Abu Dhabi’s residential sale prices and rents rose last year amid higher demand and a supply shortage in the emirate, according to a report.
Home sale prices increased by 11 per cent annually in 2024, while rents rose by 20 per cent, Cushman & Wakefield Core said in a report on Thursday.
Villa prices climbed by 15 per cent during the year, with Khalifa City recording the strongest growth at 30 per cent, followed by Al Reef and Yas Island at 13 per cent each. Apartment prices, meanwhile, increased by 10 per cent, with Saadiyat Island leading the growth with a 28 per cent rise. Yas Island and Reem Island recorded gains of 14 per cent and 12 per cent, respectively, during the period.
“Supply struggled to keep up with demand in 2024, driving sharp price increases,” said Prathyusha Gurrapu, head of research and consultancy at Cushman & Wakefield Core. “While new supply in 2025 is expected to help, demand remains high, putting continued pressure on rents and sales prices.”

The UAE’s property market continues to perform strongly on government initiatives such as residency permits for retired people and remote workers, as well as the expansion of the 10-year golden visa programme and overall growth in the UAE’s economy amid diversification efforts.
Abu Dhabi recorded real estate deals valued at Dh96.2 billion ($26.19 billion) in 2024. The total value of deals for the year rose by more than 10 per cent on an annual basis, while the number of transactions increased by about 24 per cent to 28,249, the Abu Dhabi Real Estate Centre said in January.
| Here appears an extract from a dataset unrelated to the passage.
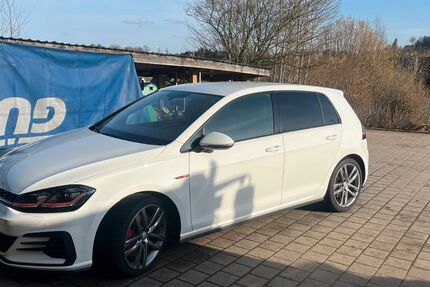VW Golf 118.000 km 18.499 &euro; Helmbrechts 95233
Sales transactions for the period were 16,735, with a total value of Dh58.5 billion, and mortgage transactions reached 11,514, with a total value of Dh37.7 billion.
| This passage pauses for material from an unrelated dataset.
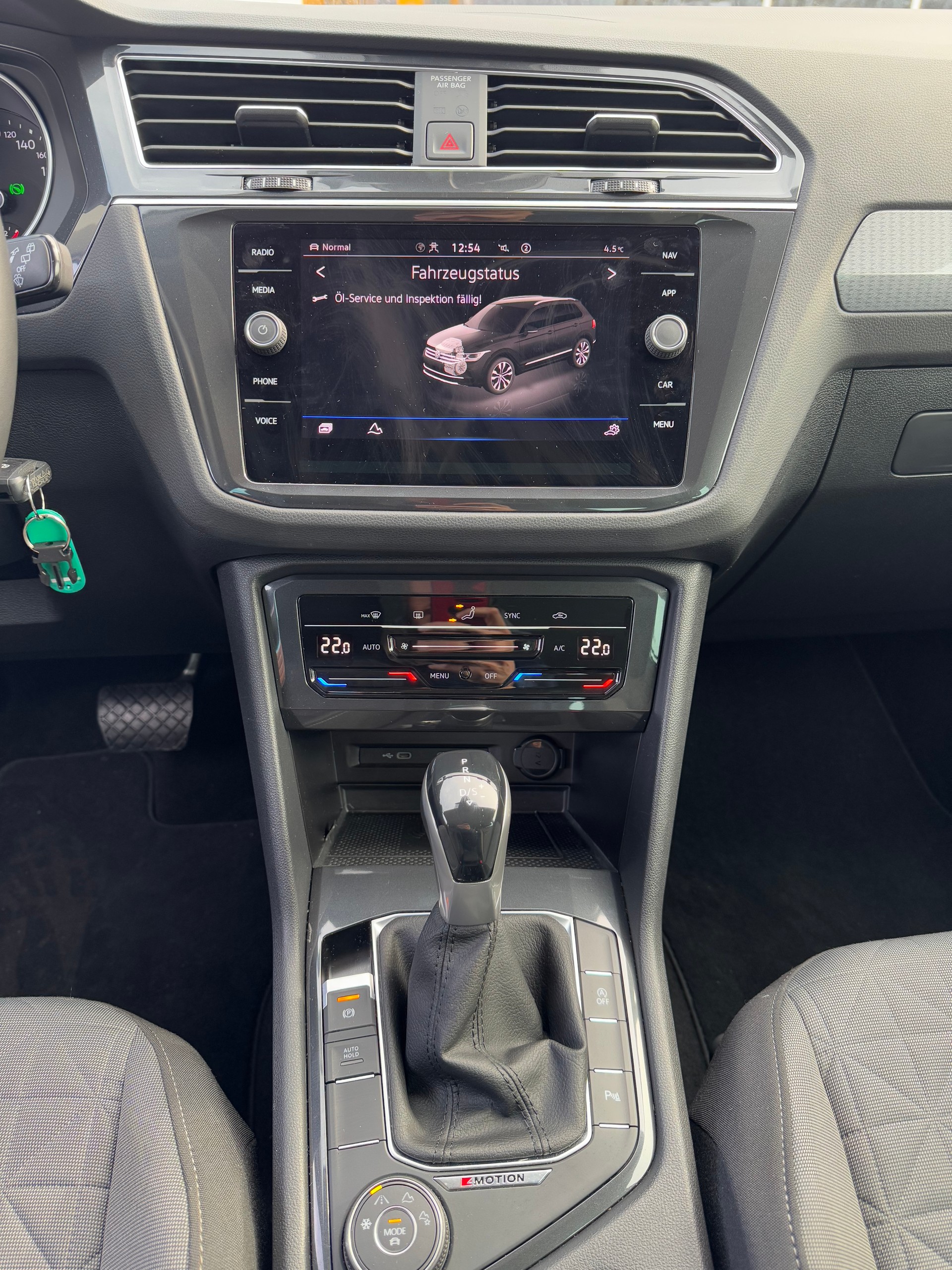 VW TIGUAN 2.0TDI LIFE 4 MOTION DSG-image-11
Abu Dhabi’s residential rents also continued to rise last year, with apartment rents surging 22 per cent, while villa rents rose by 9 per cent on an annual basis in the emirate. Saadiyat Island recorded a 31 per cent increase in apartment rents, followed by Reem Island at 24 per cent and Al Raha Beach at 21 per cent.
Villa rents in Al Reef jumped by 12 per cent, while in Al Raha and Khalifa City they rose by 10 per cent and 8 per cent, respectively.
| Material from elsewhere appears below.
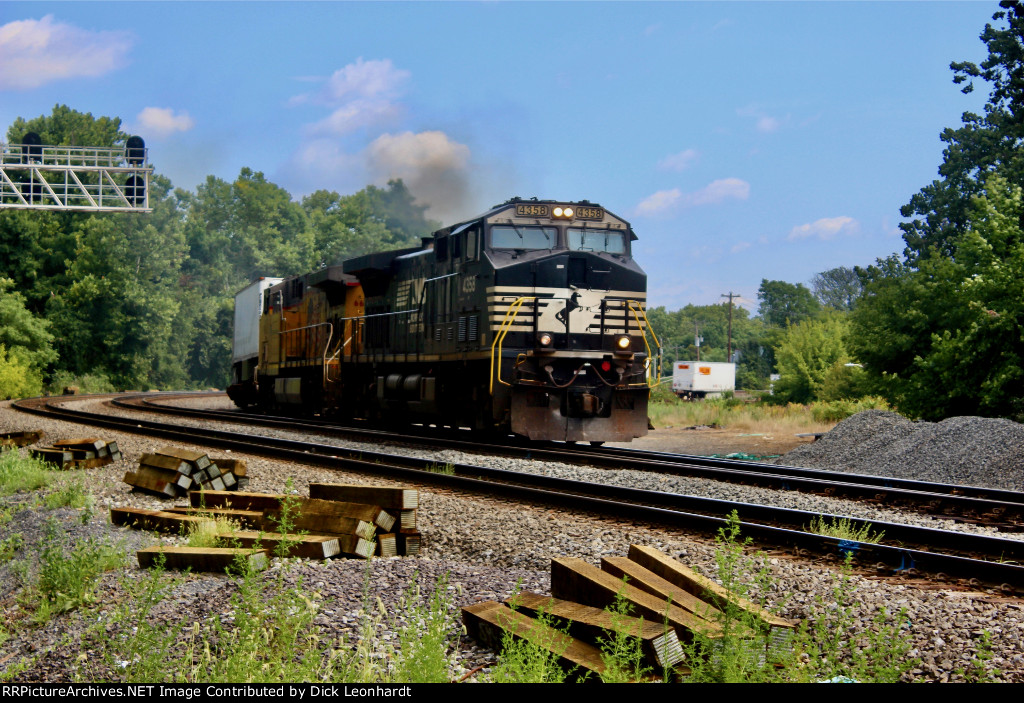 NS 4358 and UP 6613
In 2024, about 3,000 residential units were handed over across investment zones in Abu Dhabi, nearly 46 per cent lower than the initial forecast and 13 per cent lower than 2023 figures. Yas Island accounted for the largest share of handovers at 39 per cent, followed by Al Maryah Island and Masdar City, the report said.
About 8,500 units are expected to be delivered in 2025, with 60 per cent of supply concentrated in Yas Island, Reem Island, Saadiyat Island and Al Maryah Island.